Irving Kristol argued: "Democratic socialism turns out to be an inherently unstable compound, a contradiction in terms. Every social-democratic party, once in power, soon finds itself choosing, at one point after another, between the socialist society it aspires to and the liberal society that lathered it." He added: "socialist movements end up [in] a society where liberty is the property of the state, and is (or is not) doled out to its citizens along with other contingent 'benefits.'"

Richard Pipes:

The merger of political and economic power implicit in socialism greatly strengthens the ability of the state and its bureaucracy to control the population. Theoretically, this capacity need not be exercised and need not lead to growing domination of the population by the state. In practice, such a tendency is virtually inevitable. For one thing, the socialization of the economy must lead to a numerical growth of the bureaucracy required to administer it, and this process cannot fail to augment the power of the state. For another, socialism leads to a tug of war between the state, bent on enforcing its economic monopoly, and the ordinary citizen, equally determined to evade it; the result is repression and the creation of specialized repressive organs.
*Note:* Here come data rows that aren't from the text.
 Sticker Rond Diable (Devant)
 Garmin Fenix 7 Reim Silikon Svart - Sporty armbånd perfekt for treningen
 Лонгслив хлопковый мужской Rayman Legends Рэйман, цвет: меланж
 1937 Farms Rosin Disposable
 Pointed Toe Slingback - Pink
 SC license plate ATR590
Robert Nisbet: "In any event, with not a single free socialism to be found anywhere in the world."

According to Michael Makovi, "An economic analysis of the political institutions of democratic socialism shows that democratic socialism must necessarily fail for political (not economic) reasons even if nobody in authority has ill-intentions or abuses their power."[129]
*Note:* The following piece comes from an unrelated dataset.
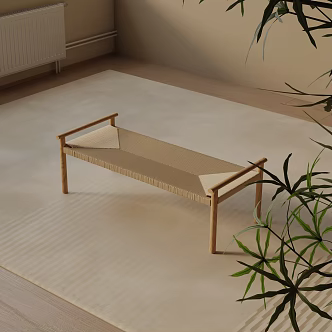 Modern shoe changing stool 3d model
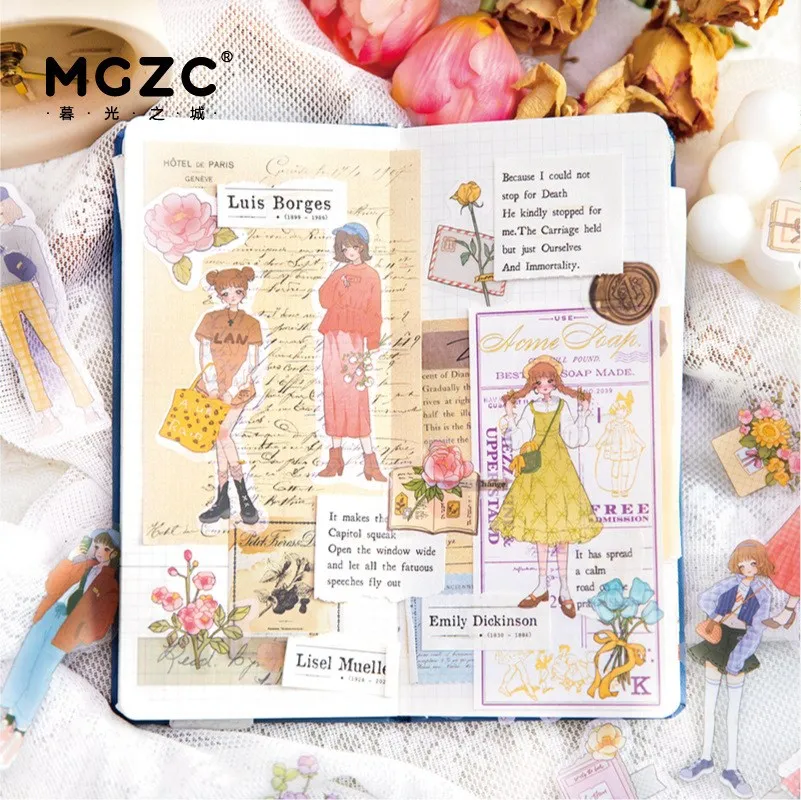 160 Pcs Vintage Fashion Sticker Pack - Kawaii Pink Lady Dress, Sewing, Aesthetic Journaling Stickers For Scrapbooks & Planners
One of the major scholars who have argued that socialism and democracy are compatible is the Austrian-born American economist Joseph Schumpeter, who was hostile to socialism.[130] In his book Capitalism, Socialism and Democracy (first published in 1942), he "emphasize[s] that political democracy was thoroughly compatible with socialism in its fullest sense."

In a 1963 address to the All India Congress Committee, Indian Prime Minister Jawaharlal Nehru stated: "Political Democracy has no meaning if it does not embrace economic democracy. And economic democracy is nothing but socialism."[131]
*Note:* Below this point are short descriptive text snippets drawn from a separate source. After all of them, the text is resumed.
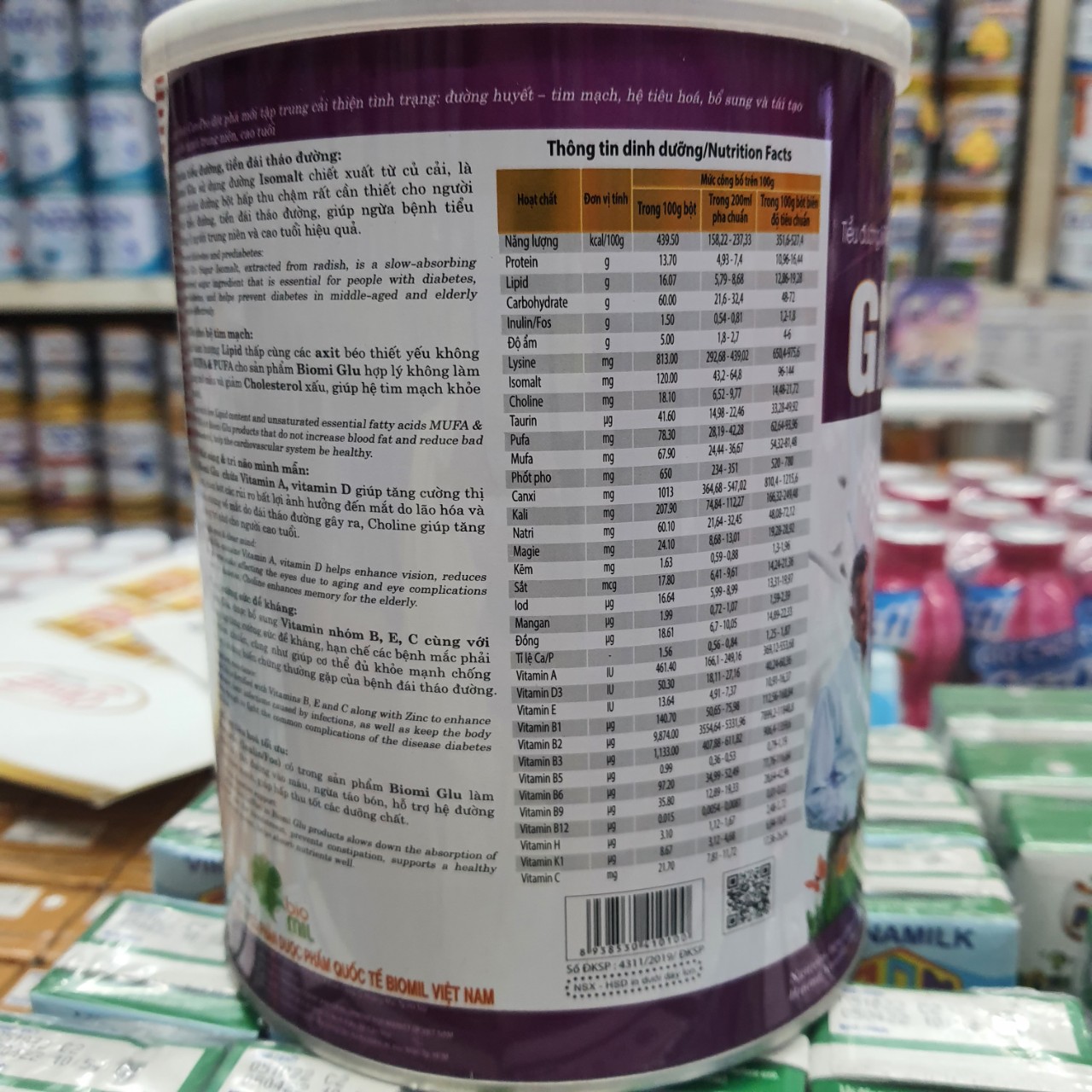 Sữa bột Biomi Gold Pedia Plus lon 900gr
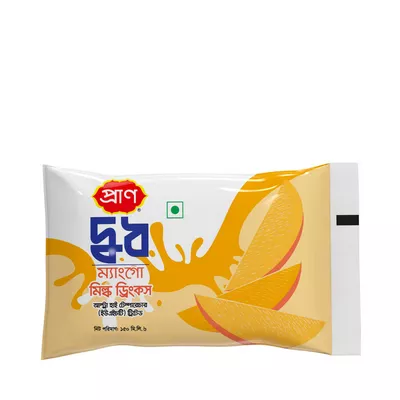 Pran Mango Flavored Milk (Pouch) 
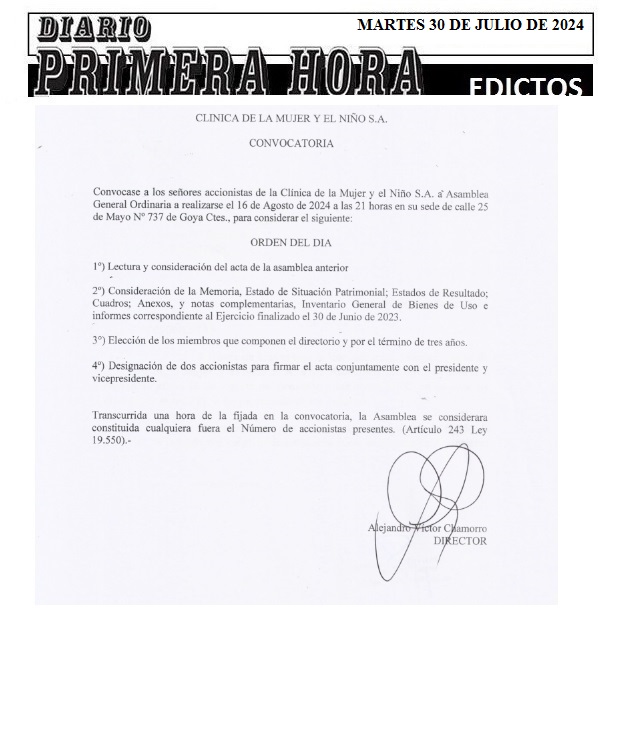 EDICTOS 30 DE JULIO DE 2024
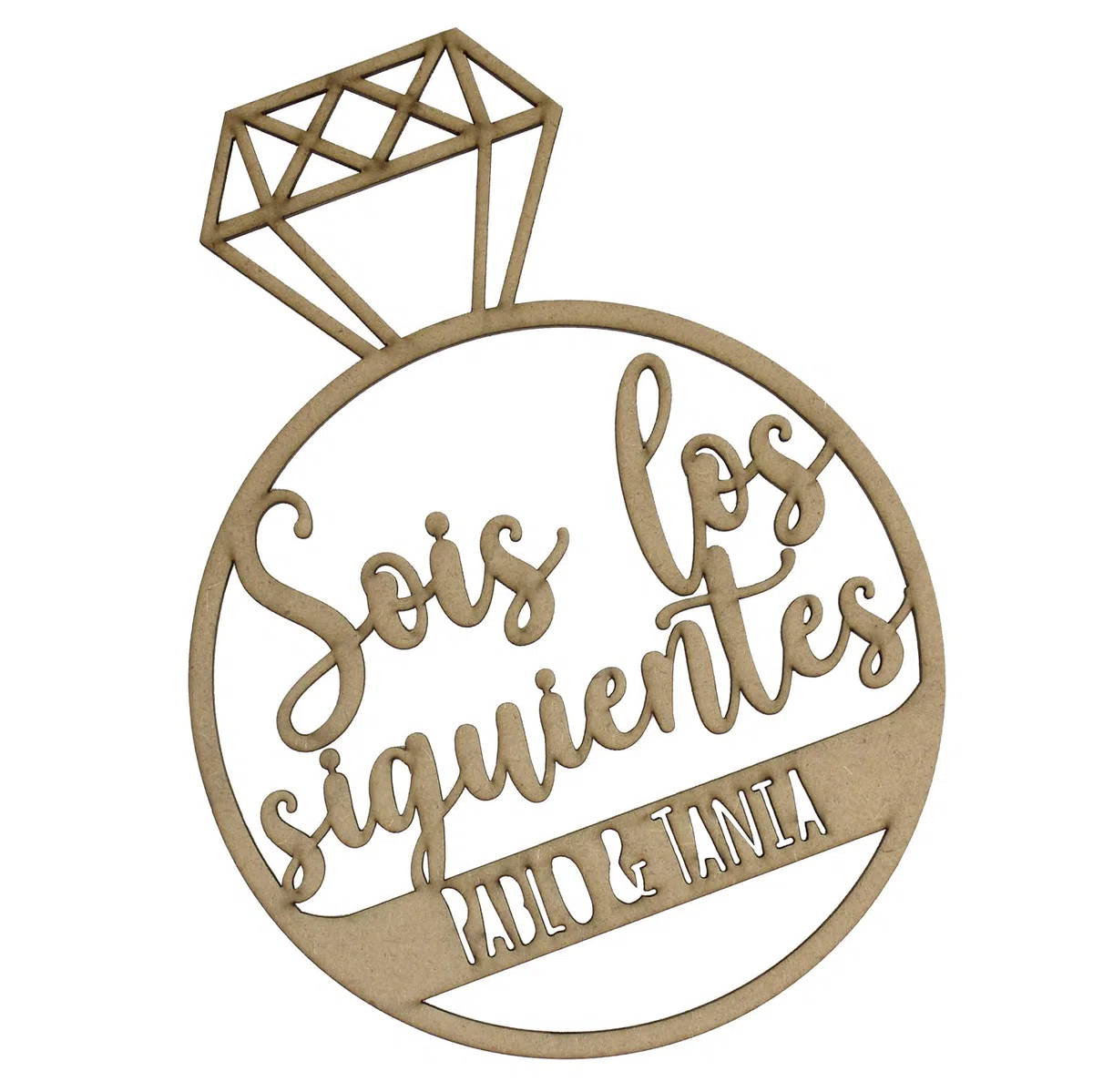 Genérico Anillo de Madera Personalizado Sois los Siguientes para Inivitados Boda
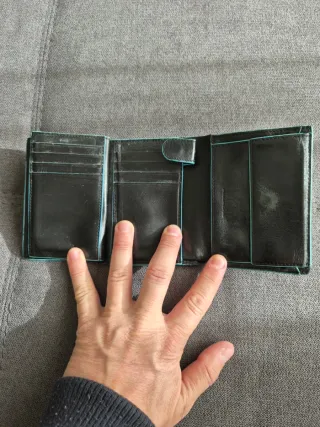 Portafoglio Piquadro Pelle Nero/Blu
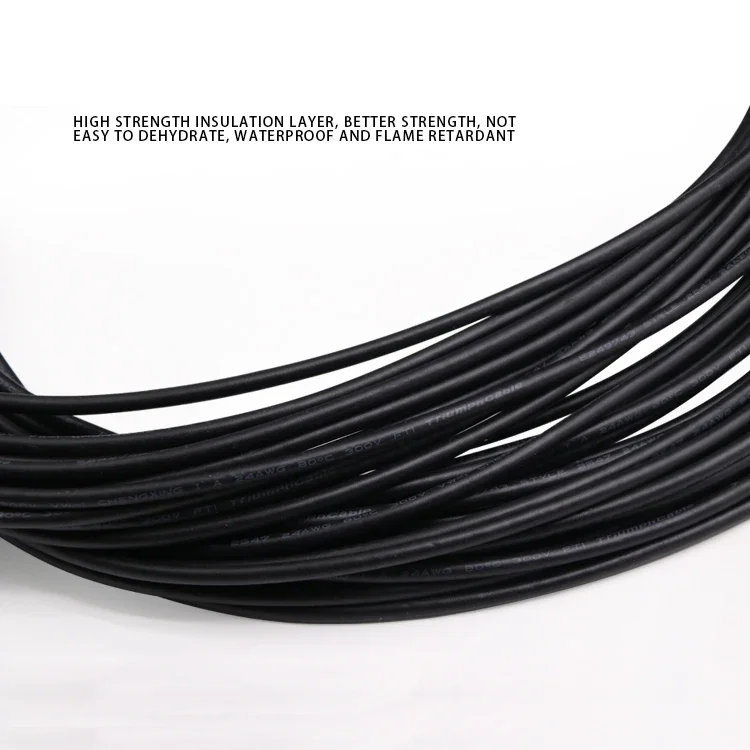 5/10m UL2547 Shielded Wire 30  - Wire 22 Gauge Copper recension och pris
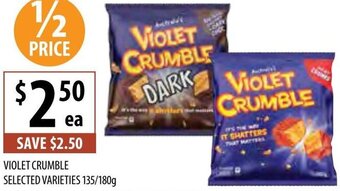 Violet Crumble Selected Varieties 135/180g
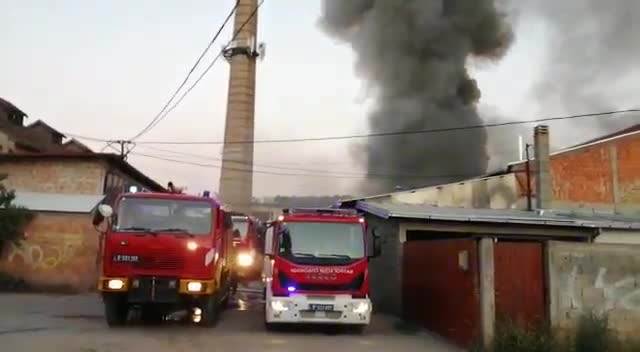  Beograd Palilula požar gust dim video 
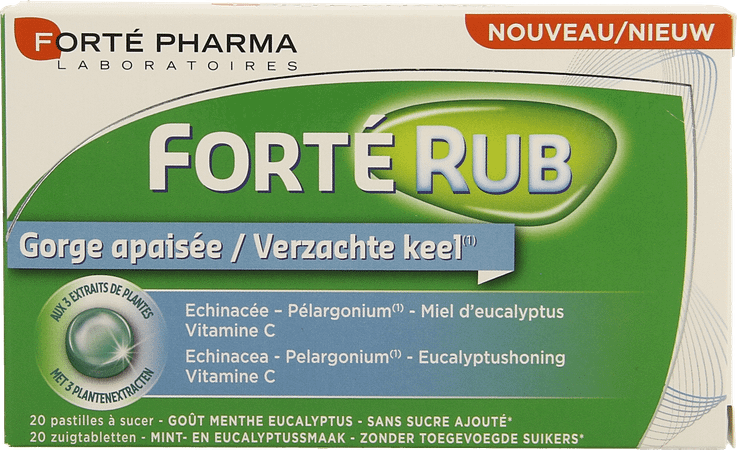 Forterub Gorge Apaisee Eucalyptus Pastille Sucer 20  -  Forte Pharma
Political historian Theodore Draper wrote: "I know of no political group which has resisted totalitarianism in all its guises more steadfastly than democratic socialists."

Robert Heilbroner: "There is, of course, no conflict between such a socialism and freedom as we have described it; indeed, this conception of socialism is the very epitome of these freedoms," referring to open association of individuals in political and social life; the democratization and humanization of work; the cultivation of personal talents and creativities.

Bayard Rustin:

For me, socialism has meaning only if it is democratic. Of the many claimants to socialism only one has a valid titlethat socialism which views democracy as valuable per se, which stands for democracy unequivocally, and which continually modifies socialist ideas and programs in the light of democratic experience. This is the socialism of the labor, social-democratic, and socialist parties of Western Europe.

Kenneth Arrow argued that "We cannot be sure that the principles of democracy and socialism are compatible until we can observe a viable society following both principles. But there is no convincing evidence or reasoning which would argue that a democratic-socialist movement is inherently self-contradictory. Nor need we fear that gradual moves in the direction of increasing government intervention will lead to an irreversible move to serfdom. [referring to The Road to Serfdom by Friedrich Hayek]."

William Pfaff: "It might be argued that socialism ineluctably breeds state bureaucracy, which then imposes its own kinds of restrictions upon individual liberties. This is what the Scandinavians complain about. But Italys champion bureaucracy owes nothing to socialism. American bureaucracy grows as luxuriantly and behaves as officiously as any other."